### Task prompt
Once the pictures are set aside, transcribe each line of the listing exactly.
=== Data provided ===
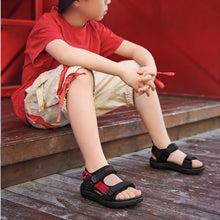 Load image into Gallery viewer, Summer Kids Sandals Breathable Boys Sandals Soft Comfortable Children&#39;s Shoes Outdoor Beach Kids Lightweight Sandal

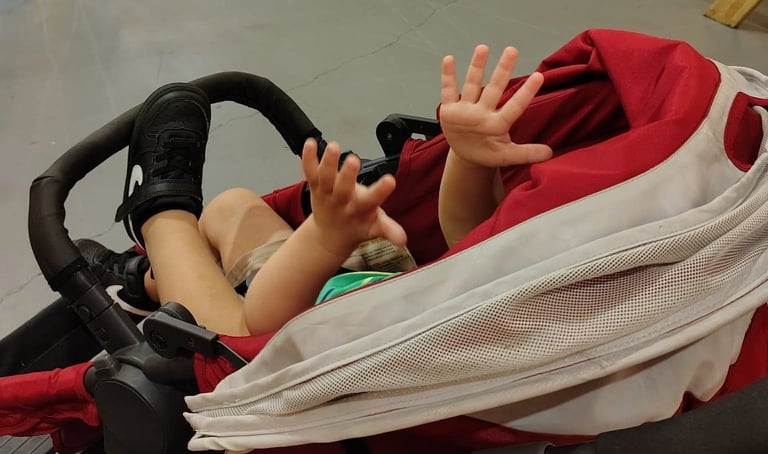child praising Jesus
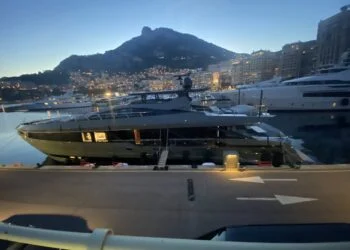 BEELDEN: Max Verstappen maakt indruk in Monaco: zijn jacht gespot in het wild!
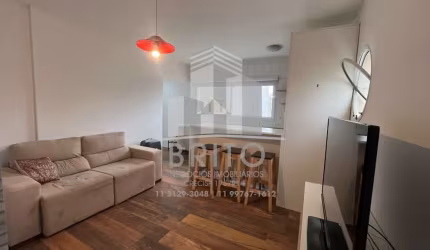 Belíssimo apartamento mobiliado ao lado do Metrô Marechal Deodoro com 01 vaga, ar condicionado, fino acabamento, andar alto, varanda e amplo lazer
===
### Response for this exercise
 Load image into Gallery viewer, Summer Kids Sandals Breathable Boys Sandals Soft Comfortable Children&#39;s Shoes Outdoor Beach Kids Lightweight Sandal

child praising Jesus
 BEELDEN: Max Verstappen maakt indruk in Monaco: zijn jacht gespot in het wild!
 Belíssimo apartamento mobiliado ao lado do Metrô Marechal Deodoro com 01 vaga, ar condicionado, fino acabamento, andar alto, varanda e amplo lazer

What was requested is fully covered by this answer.